As Erik Spoelstra typically does when the defense starts slipping, he threw a changeup to open the fourth, going to their zone defense while Butler caught some rest. Slowly, Miami ate into the lead, getting within five. Then Tatum (33 points on 22 shots) came back in, hitting a jumper in the middle of the zone, and it was quickly back to nine. Then 17 with seven minutes to play, Tatum righting the offensive ship. And that was that, 116-99, with Miami’s first chance to punch their ticket to the NBA Finals gone. Good thing they have another chance coming up as soon as Thursday.

2. While we led the previous section talking about how few mistakes the HEAT generally make, which is generally true, there were second-half mistakes that jumped out at anyone watching. Fumbled passes. Missed dribbles. A grind-it-out aspect to the offense at times which was the antithesis to all the constant motion that had carried them to their 3-0 series lead. Even if they were able to score out of some of their favorite sets – an empty corner screen from Adebayo still gets plenty of feet in the paint – only those specific sets gathered much traction as the game wore on. And those miscues, 16 turnovers in all, fed the Celtics offense – still prone to getting stuck in the mud on occasion unless Tatum was running the show – in the same way Boston’s turnovers have fed the HEAT for going on two seasons.

Only 10 turnovers from Boston, too, all their makes – 51 percent shooting overall – keeping Miami in the halfcourt. That’s the been the synergistic story of this matchup in both of the last two meetings, big runs created via the snowball effect of makes helping the defense get set which stabilizes matchups and coverages which then gets stops and gets a team moving out with pace – hence Boston’s 18 fast-break points. Turnovers were always going to be a huge part of this series, and the Celtics winning that column tonight, as Miami’s details slipped just a little, was a big reason they kept their season alive.

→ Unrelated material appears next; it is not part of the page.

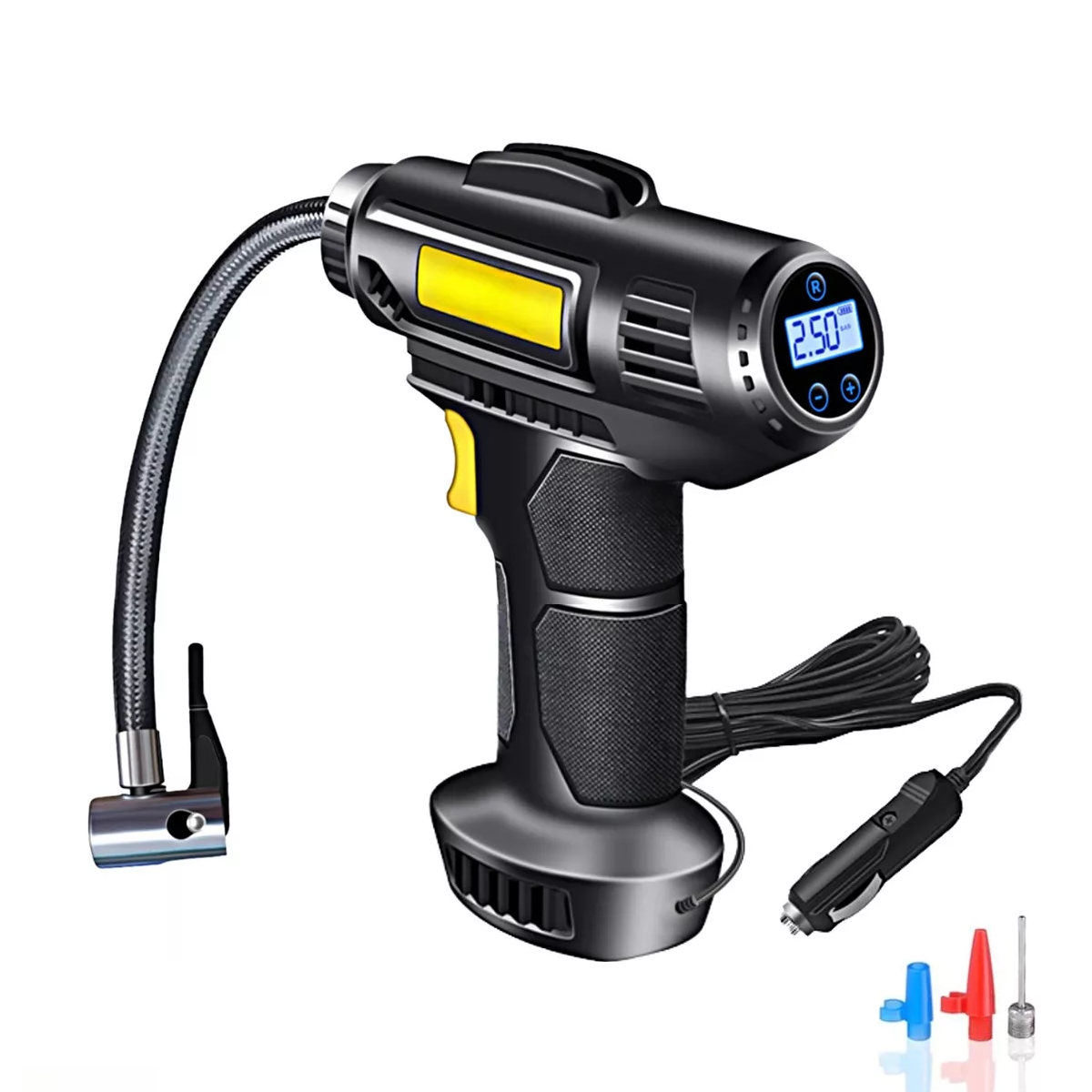 Compresor Inflador Llantas Para Auto Lcd Bomba Aire Portátil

3. All that shotmaking finally caught up to Miami tonight, it seems, and the opposite – or maybe the same – was true for the Celtics. It’s tough to keep putting up historic shooting nights throughout a postseason run, but with the regularity that Miami was doing it you can’t blame anyone for expecting it to keep up in perpetuity. Early on, it looked like exactly that was happening. But as the quarters wore on and more shots hit iron, the three-point percentages dipped down, first below 40 percent, then 30, then 20 – a range Miami has so rarely been in these playoffs. By the end of the night, it was 25 percent, including 5-of-25 shooting above the break where the HEAT had been shooting about as well as anyone in the history of the NBA playoffs. We’ll see what the numbers come out as far as Shot Quality goes, but it felt like a generally similar process, if fairly low volume. Just can’t make half your threes every night. Notable, too, that in that third quarter and early in the fourth when the game finally turned for the worse, there were a number of misses in the paint – 4-of-13 in their bread-and-butter upper paint overall.

Boston, meanwhile, found their shooting. They were too good not to find it eventually, Miami just wanted to finish this series off before that had a chance to happen. Al Horford hit a bunch early, Grant Williams – now firmly in the rotation after being out of it entirely in Game 1 – paced them through the middle quarters and then Tatum finished things off, shooting 4-of-8 from three. There were some tough makes in there, but Boston deserves credit for finding more catch-and-shoot opportunities, settling for fewer first-chance shots in the first eight seconds of the shot clock.

Here’s the last thing that need be said on this topic. For as much as the HEAT have sustained incredible shooting for games on end – slumping in the New York series – the Celtics as just as capable as doing the same. This isn’t Boston winning the game they shot well, it’s Boston winning a game shooting as well as they expect to shoot. That can be dangerous going forward.